I was extremely lucky because I began my career as an editor at the age of 27. Not many people get this opportunity, and it’s a double-edged sword. I began as an editor because I met Sushil Somani who used to run Debonair and he was on the lookout for an editor. At that time and there were two homosexuals who used to run Debonair, a girlie magazine – self-professed homosexuals. When I looked at the magazine, instead of women I saw men in jock straps, and there were more pretty men in the magazine than there were pretty women!

So I had to learn how to redesign the magazine. Nobody would agree to be interviewed; nobody would agree to write for us. I had to beg people. And Pataudi was the first person I thought of because I wanted to start the Playboy interview kind of thing. Pataudi was quite big at that time and he agreed for the interview. Since no one was prepared to write for Debonair at that time, I wrote four articles under different names in the first issue just to show people how I wanted the magazine to develop. I started from there, and then we had people like Nissim Ezekiel writing for us; I discovered Iqbal Masood; Anil Dharkar started contributing regularly.

But there was always something sleazy associated with the magazine. I could put any amount of “intellectual” or what I thought was good literary material but I could not change the image of the magazine. Mr Vajypyee gave us an interview and when I met him later to thank him, he told me, “I had to keep your magazine under my pillow.” That’s the day I decided to quit. In the seven years that I had been there I could not change the way the magazine was perceived. I conceded defeat.

Interestingly Mr Mehta doesn’t have a single copy of the magazine that readers don’t forget to remind him of whenever Outlook does a sex special.

Since, like most journalists, I don’t keep a record of any articles, I have no idea what I’ve written since my Debonair days. In fact, I do not have a single issue of Debonair.

Busybee aka Behram Contractor (in one of his columns):

Then one day we he was to become the editor of a magazine that was to be brought out on the lines of Playboy or Esquire. It was to be called Debonair.

The count did become the editor; he used to bring proofs of articles for the magazine to the Society Bar and edit them with a gold ballpoint pen. And he used to complain softly about the lack of knowledge of England of his Indian contributors.

He himself used to write: on what to wear, how to mix drinks, what after-shave lotions to use, etc. The readers did not much care and Debonair almost closed down. In those days also magazines used to close down, though not magazines of the reputation of the Illustrated Weekly and Filmfare. The count was sacked. In those days also editor got sacked, though not editors of the calibre of Vinod Mehta.

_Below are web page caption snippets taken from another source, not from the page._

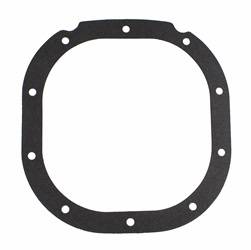 Motive Gear Performance Differential - Differential Cover Gasket - Motive Gear Performance Differential 5122 UPC: 698231130353 - Image 1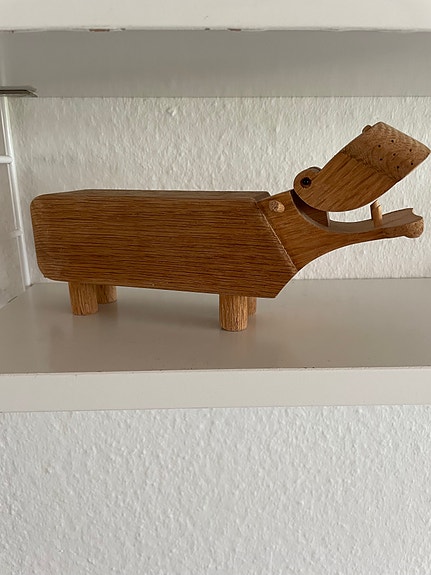 Product image 1 of 2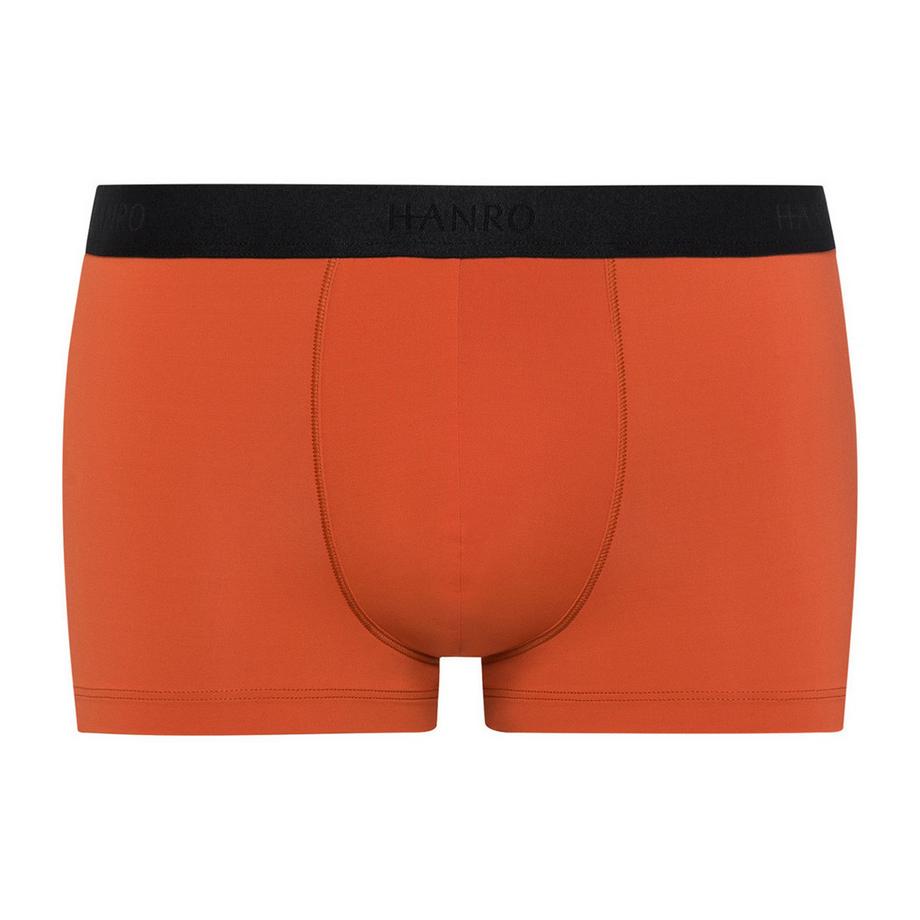 HANRO Micro Touch Retro Short Pant  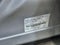 2018 Ford Flex SEL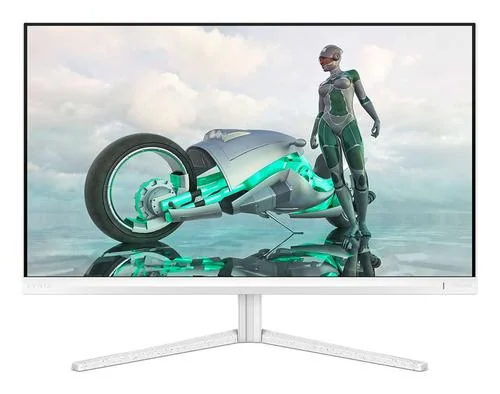 Monitorius Philips 27M2N3201A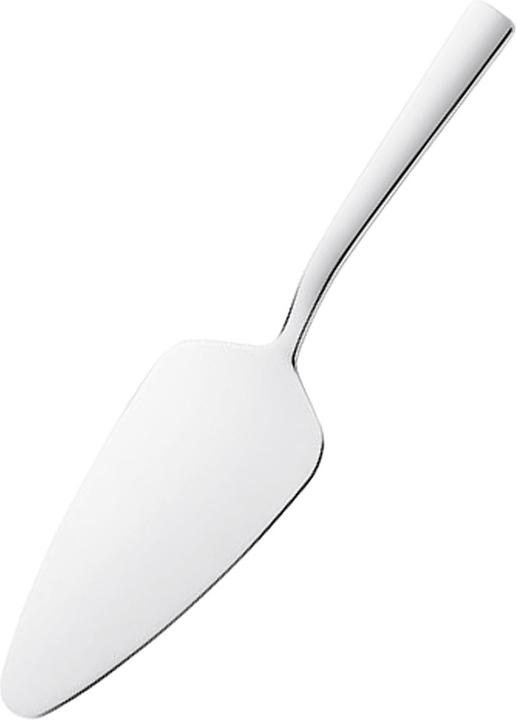 Produktbild Zwilling Dinner Tortenheber, poliert 21 cm (Tortenheber)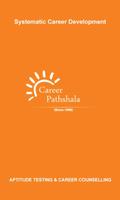 CAREERS PATHSHALA โปสเตอร์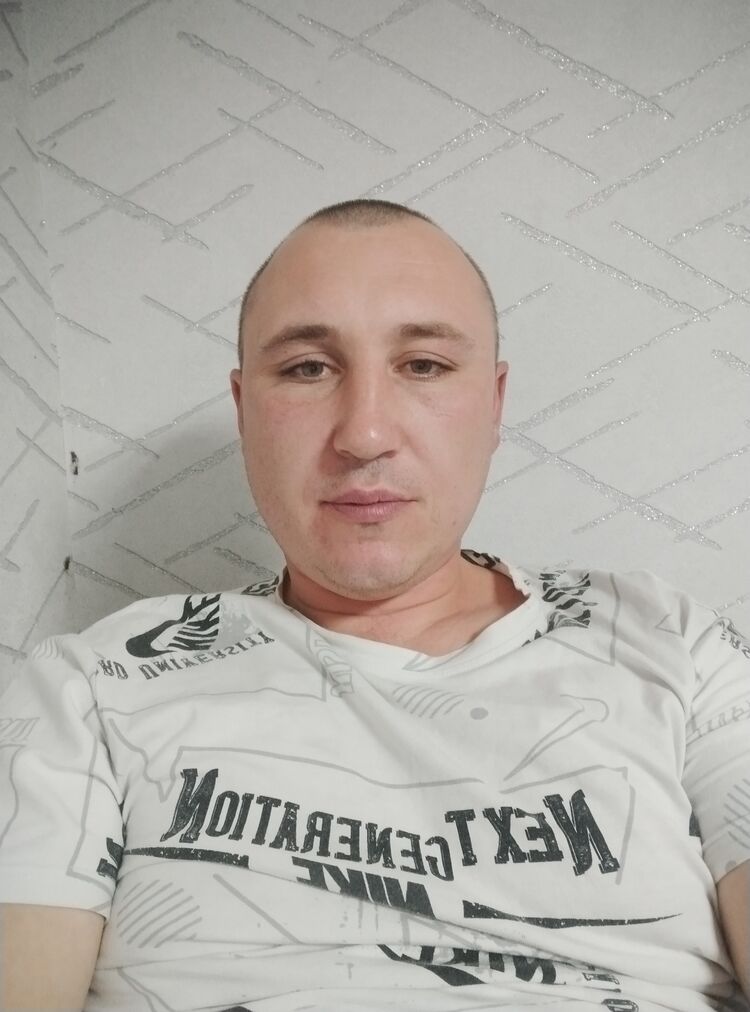  46856160  , 34 ,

And it was this same Vinod Mehta that proprietor Sushil Somani picked on as his new editor. Mr Mehta made it more Playboy and less Esquire. Which was clever: because Debonair started acquiring an ever widering readership among males in little towns in Punjab, Haryana, UP and Bihar, and in Delhi, Monthly, the letters column would be filed with debates among readers on whether the semi-dressed girl on the centrefold in, August was better than the one in July or worse than the one in June.

Mr Mehta’s office was in the middle of Claridges Press on Mint Road, next to Sacru’s City Kitchen, and he sat in it with walls covered with five years of his centrefolds. That was the nearest Mr Mehta got to his pin-ups, though everybody thought he was having a ball of a time.

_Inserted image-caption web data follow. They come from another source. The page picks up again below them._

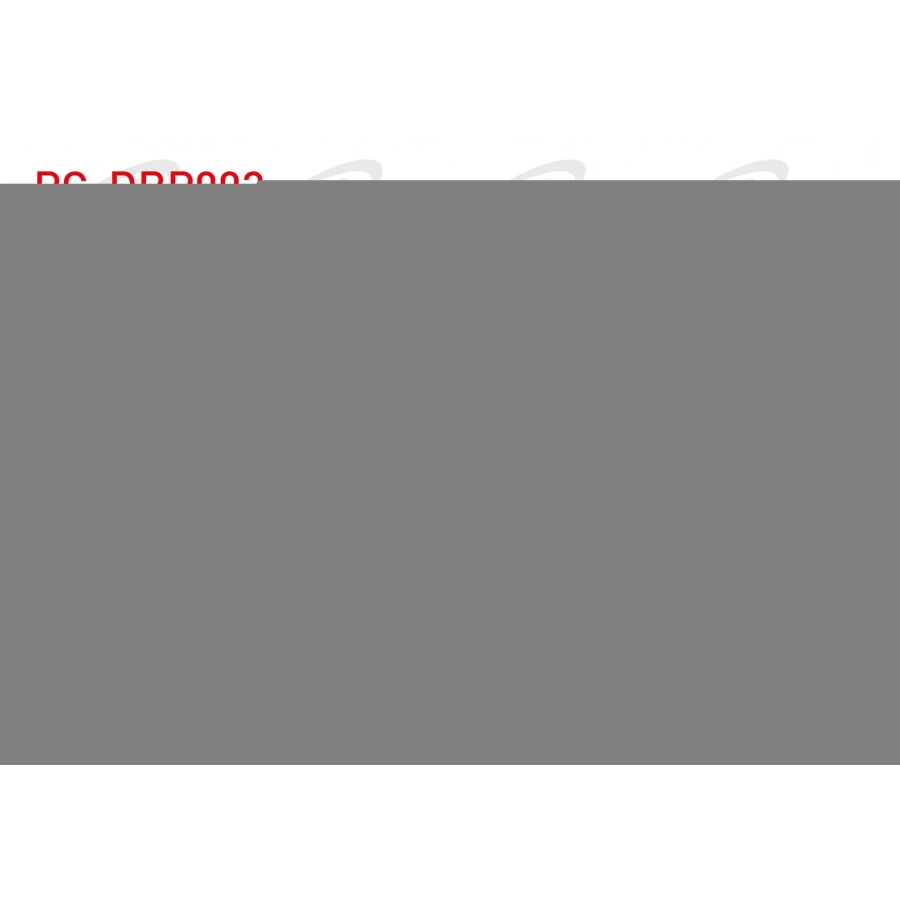 DEBRIYAJ PEDALI R.9 / 19 / MEGANE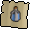 Ogre flask (salt water) (4)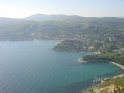 DSC00206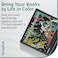 Pocketbook Era Color Stormy Sea 32GB 7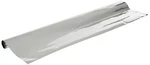 Gila Heat Control Light Gray Adhesive Residential Diy Window Film Sun Blocking 3. Fixed Price $38.00.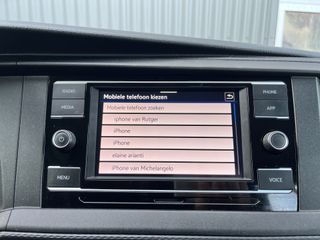 Voertuigafbeelding 39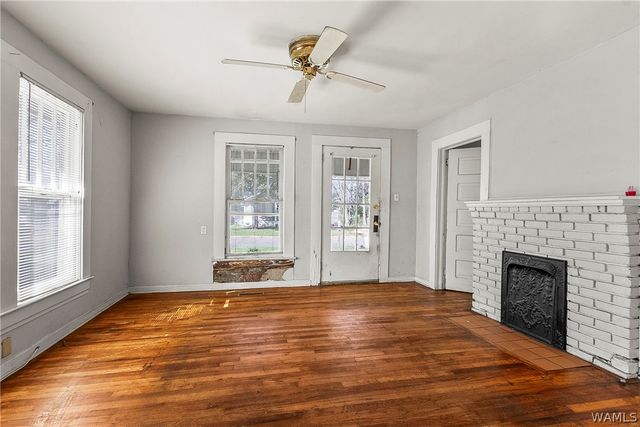 2215 22nd, Northport, AL 35476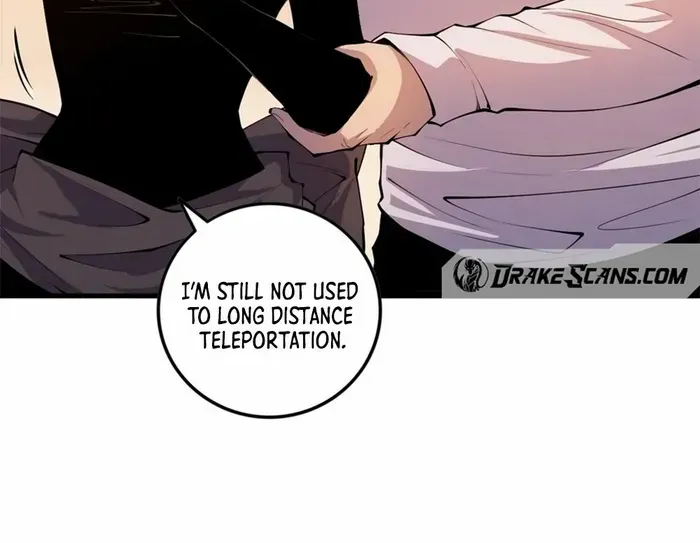 Read Disastrous Necromancer chapter 50 image 34 on Lezhin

Mr Mehta’s successor, young Anil Dharkar, got somewhat nearer the models. Occassionally he would pose with them. And sometimes his pictures would appear without the models.

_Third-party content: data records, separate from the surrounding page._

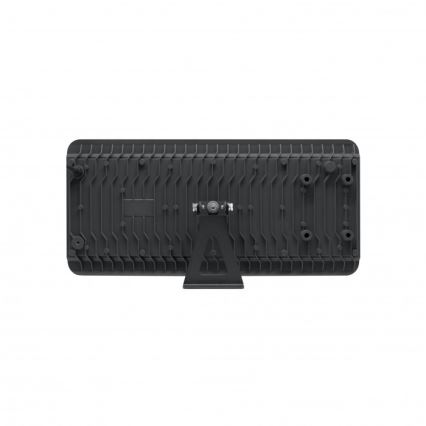 LED techninis šviestuvas 4 viename MULTILUXO LED/200W/230V 4000K IP65 42 cm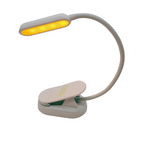 Lumina | Circadian-Friendly Blue Light-Free Reading Lamp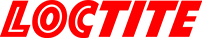 LOCTITE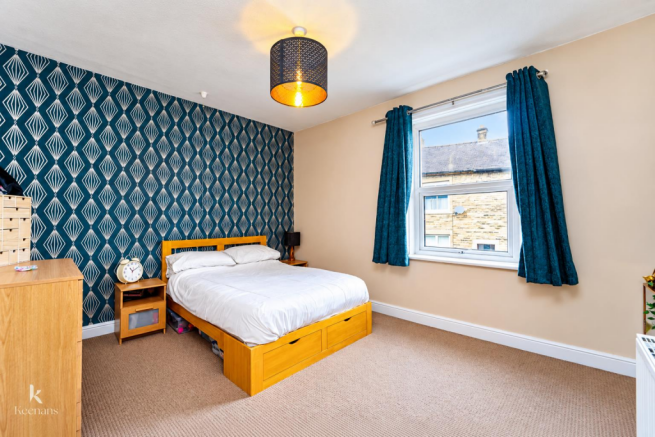 2 bed Terraced for sale Image 9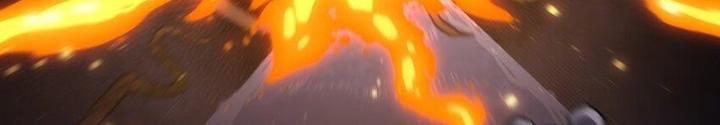 Ta Là Lão Đại Thời Tận Thế Chapter 81 - Trang 2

His successor, Dilip Thakore, took himself, his job, and the magazine too seriously. He tried to put Debonair in a slot between Business India and Business World. In doing so, he not only lost his job but poor Sushil Somani lost his magazine.

Now, after 18 years, there is a new proprietor and an editor who was the de facto editor all these years. The circle has been complete, from the count to Adil Jussawalla.